One of the dilemmas, as many would know, of legal drafting is that contrary to what you might first think, sometimes the more that you define something the narrower you make it because saying what is in it can raise more questions. If it is not explicitly mentioned, is it therefore excluded? So there were a lot of debates in the negotiation of this text about whether more definition of particular terms was going to be productive or counterproductive towards the objective. In this case, our considered view was that more explicitly defining legitimate welfare objectives raised a very high risk of being counterproductive and effectively narrowing the definition, whereas we thought we were better to let the words speak for themselves.[50]

Intellectual property

4.36      Chapter 13, the intellectual property (IP) chapter of the agreement, was the focus of some submitters and witnesses, in particular where they considered that KAFTA introduced further obligations to extend IP protection in Australia and Korea.

4.37      For example, Associate Professor Kim Weatherall highlighted a number of areas where 'chapter 13 imposes new international IP obligations in Australia: obligations not found in any other multilateral or bilateral agreement, including AUSFTA'. She argued that KAFTA 'locks in' existing Australia IP law which will constrain domestic flexibility to make IP and innovation policy. She noted that Chapter 13 included 'provisions which reflect bad policy and are contrary to the trends in IP law reform internationally', provisions which were 'extremely difficult to interpret...of uncertain scope' and lacked any 'balancing provisions to protect the rights of the public, users, and defendants in enforcement actions'.[51]

4.38      Associate Professor Weatherall also criticised the approach of DFAT to negotiating the IP sections of trade agreements:

The basic problem is that Australian trade negotiators seem to think that good domestic policy is the same as good trade policy in IP. That is simply incorrect. What works well in local legislation is not always great in a treaty, especially in an area like intellectual property, which is all about innovation and the latest technologies and where we amend the law all the time. We might want to change our IP laws in the future. It is much harder to change things once you have written them in detail into a trade agreement.[52]

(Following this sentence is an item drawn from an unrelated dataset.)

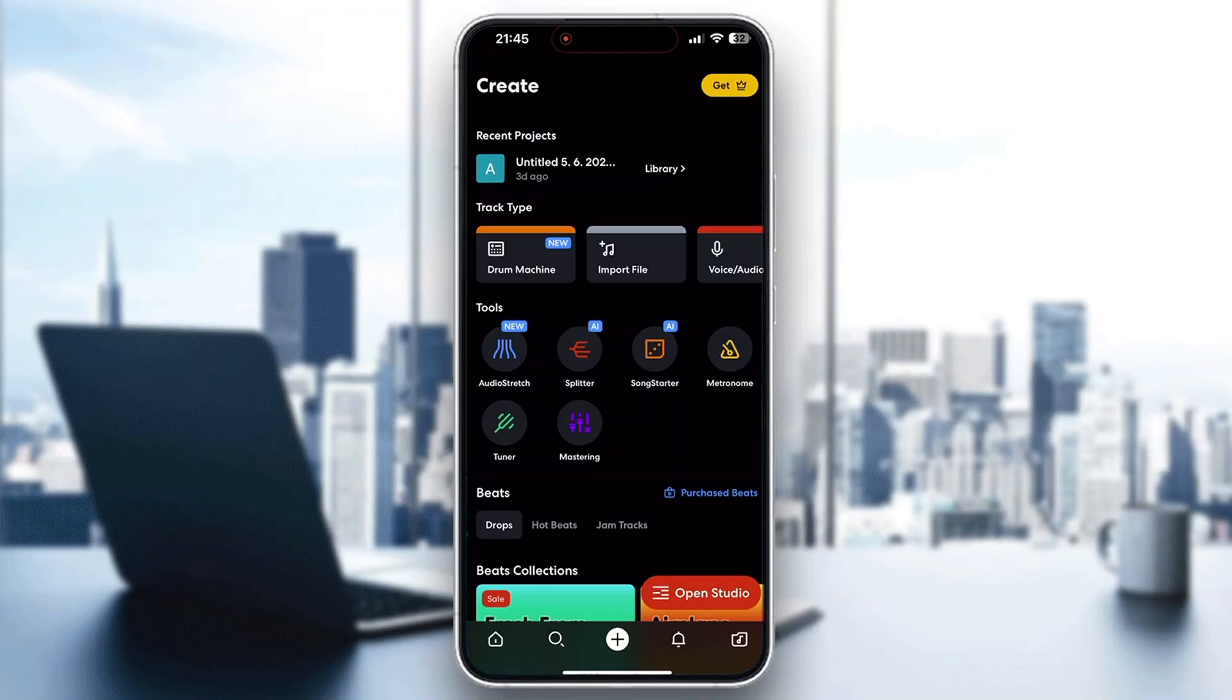Hey everybody, what's up and welcome back to today's video. Today I'm going to show you how to live stream and go live with BandLab.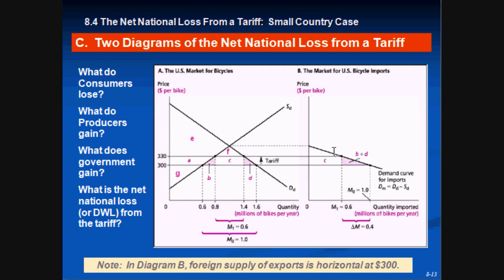The diagram on the right represents the demand for imports. At the equilibrium price of 375, zero imports are needed — producers supply exactly what consumers demand. But at a world price of 300, consumers demand one million bikes in imports. When the government imposes a tariff of 30 dollars, consumers demand only 600,000 bikes, so the demand for imported bikes is reduced by 400,000.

4.39      She highlighted that the Productivity Commission had concluded that 'the Australian Government should not seek to include intellectual property provisions in Australia's [bilateral and regional trade agreements] as an ordinary matter of course, and should only include such provisions after an economic assessment of the impacts, including on consumers, in Australia and partner countries'. She highlighted that such an assessment had not be undertaken and that the proposed changes are 'unsupported by any economic or other evidence suggesting a need for extensive or new IP provisions in this particular trade agreement'.[53]

4.40      Dr Matthew Rimmer also described the intellectual property chapter of KAFTA as controversial, 'onesided and unbalanced':

The intellectual property chapter is focused upon providing longer and stronger intellectual property rights for intellectual property owners. There is a failure to properly consider other public interest objectives – such as access to knowledge, the progress of science and the useful arts, and the promotion of innovation and competition.[54]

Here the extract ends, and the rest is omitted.